(Data in this exercise begins)

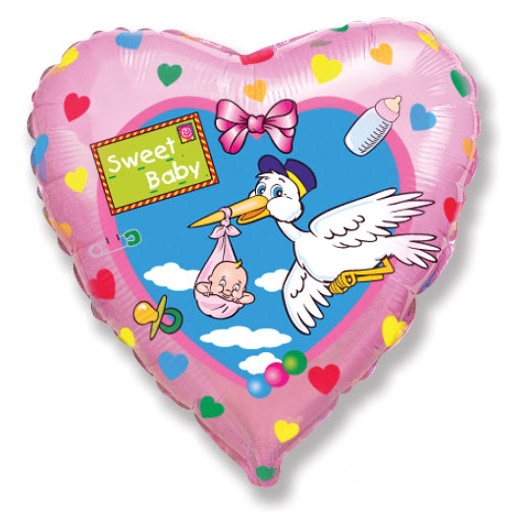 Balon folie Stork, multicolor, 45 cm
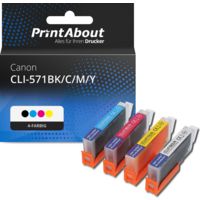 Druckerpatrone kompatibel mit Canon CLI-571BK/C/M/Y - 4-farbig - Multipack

(Data in this exercise ends)
(Data in this exercise begins)

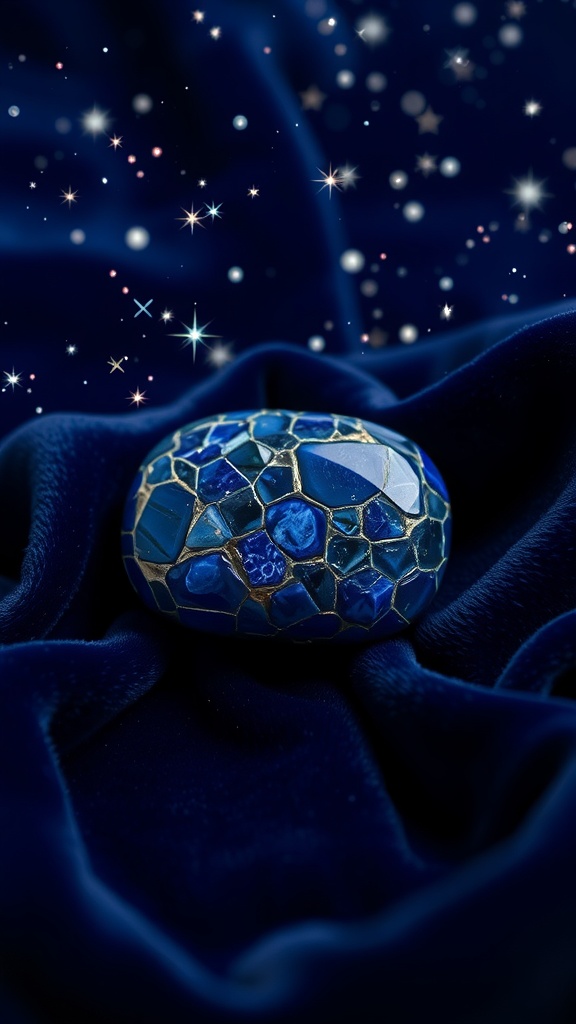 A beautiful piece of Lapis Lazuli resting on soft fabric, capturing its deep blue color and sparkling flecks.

(Data in this exercise ends)

(What to do):
Starting at the line above that contains "Balon folie Stork, multicolor, 45 cm", transcribe every line exactly through the line that contains "Druckerpatrone kompatibel mit", including that last one, and skip the pictures.

(Exercise answer):
 Balon folie Stork, multicolor, 45 cm
 Druckerpatrone kompatibel mit Canon CLI-571BK/C/M/Y - 4-farbig - Multipack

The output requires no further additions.